» Aim of the exercise
From the entries that follow, reproduce exactly and only the lines from the line with "Самокат детский трехколесный" to the line with "Used Canyon Ultimate", endpoints included.

» Records for processing

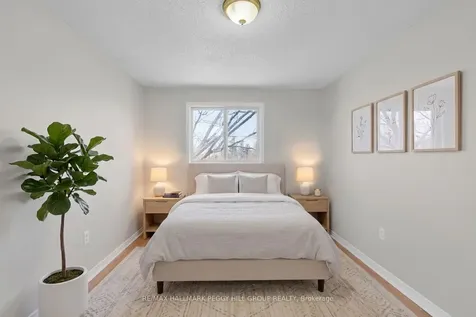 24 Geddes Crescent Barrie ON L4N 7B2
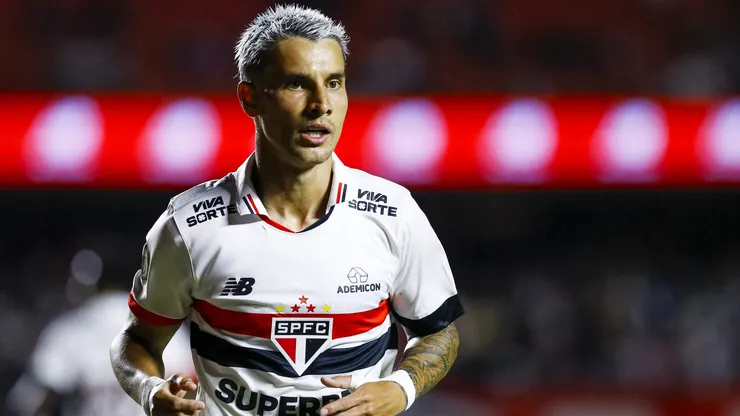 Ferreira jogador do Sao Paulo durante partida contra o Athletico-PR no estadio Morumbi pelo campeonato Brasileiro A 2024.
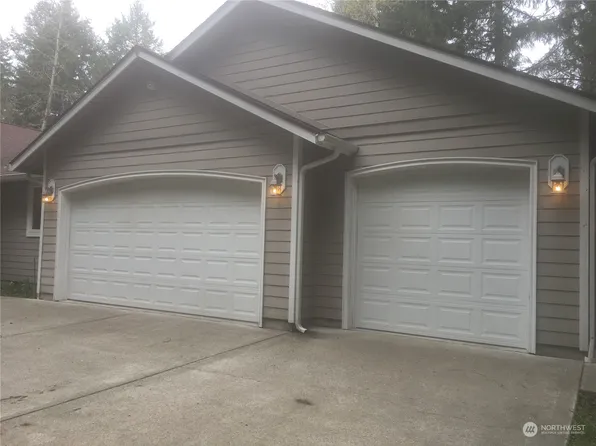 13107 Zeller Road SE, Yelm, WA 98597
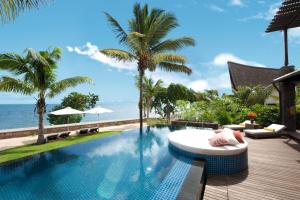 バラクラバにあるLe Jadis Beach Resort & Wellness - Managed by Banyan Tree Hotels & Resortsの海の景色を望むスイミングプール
==
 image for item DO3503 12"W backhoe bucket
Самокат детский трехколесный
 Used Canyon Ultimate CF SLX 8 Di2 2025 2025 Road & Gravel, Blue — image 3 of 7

» Result for this task
Самокат детский трехколесный
 Used Canyon Ultimate CF SLX 8 Di2 2025 2025 Road & Gravel, Blue — image 3 of 7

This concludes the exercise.